● **WORK INSTRUCTIONS**: Reproduce verbatim the line containing "Luck and 100 Spells" and every line that follows it through the end of the entries below, omitting all pictures.

● **RECORDS SHOWN**:

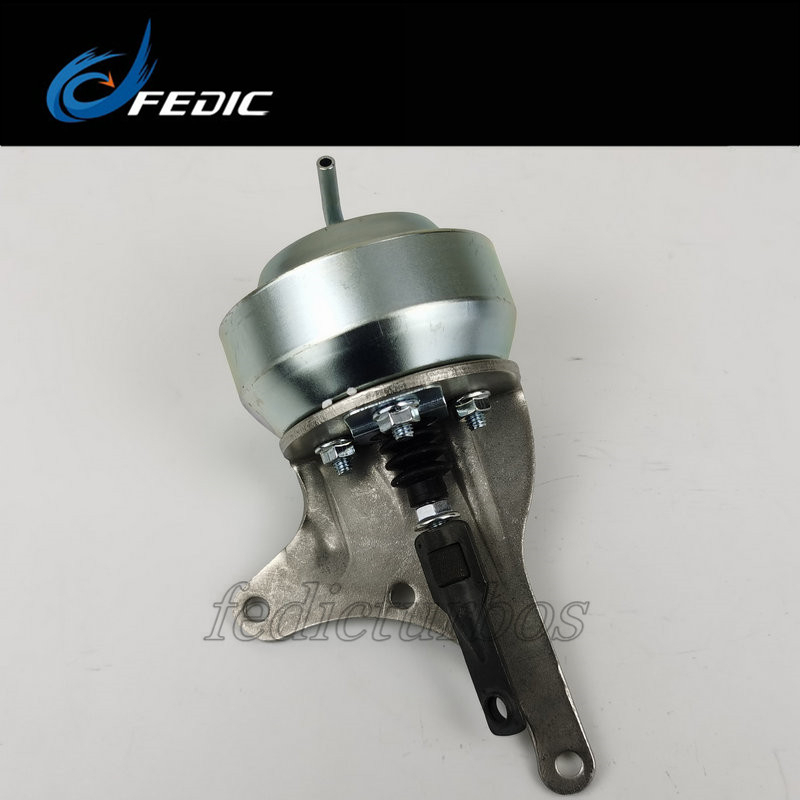 Turbo wastegate RHV4 VT16 1515A170 ตัวกระตุ้นเทอร์โบชาร์จเจอร์สําหรับ Mitsubishi Pajero Sport L200 2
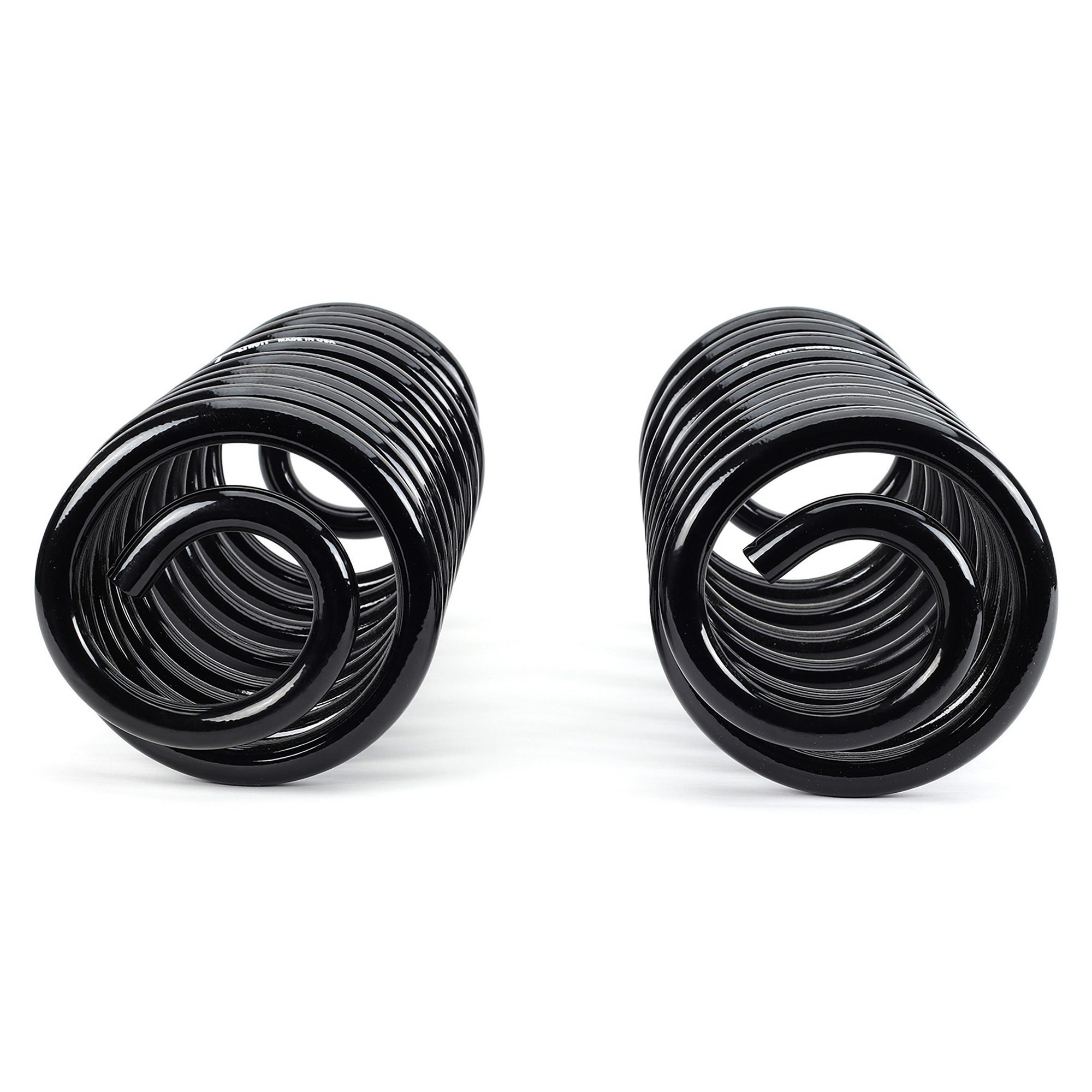 Rear Air Spring to Coil Spring Conversion Kit | ARNOTT C-2988 Fits Hummer H2 2008-2009 — image 2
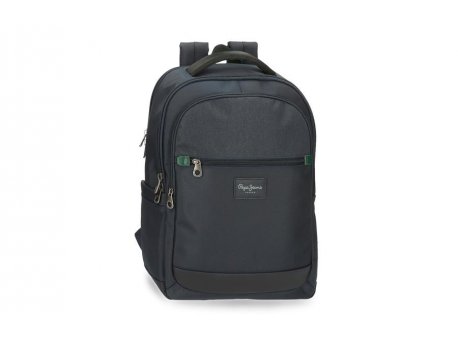 Pepe Jeans Ranac za laptop Teget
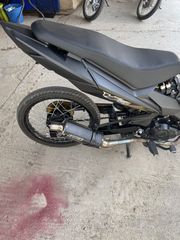 Sym VF 185 2023 E5-thumb-1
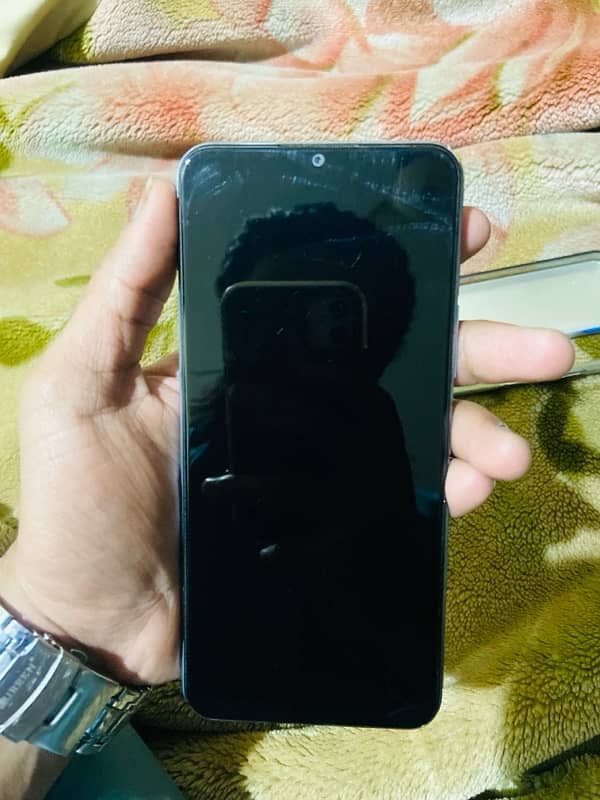 vivo y12s 1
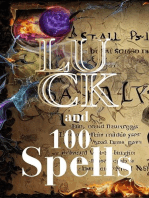 Luck and 100 Spells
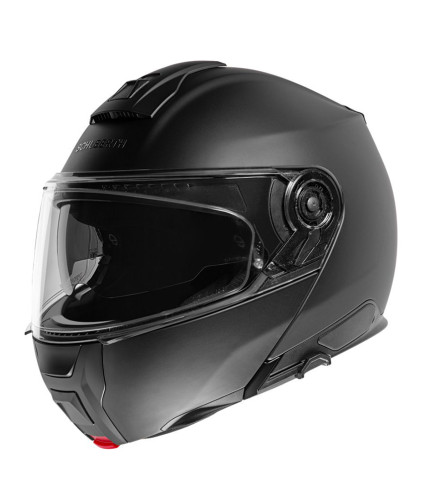 SCHUBERTH C5 ΚΡΑΝΟΣ FLIP-UP MATT BLACK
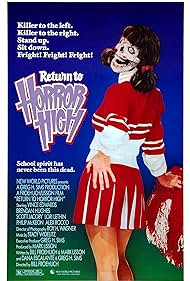 watch-Return to Horror High (1987)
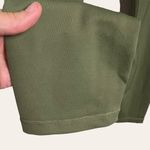 IVL Collective Green High Rise Workout Athletic Leggings Size 6 Photo 3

● **ANSWER FOR THIS EXERCISE**:
 Luck and 100 Spells
 SCHUBERTH C5 ΚΡΑΝΟΣ FLIP-UP MATT BLACK
 watch-Return to Horror High (1987)
 IVL Collective Green High Rise Workout Athletic Leggings Size 6 Photo 3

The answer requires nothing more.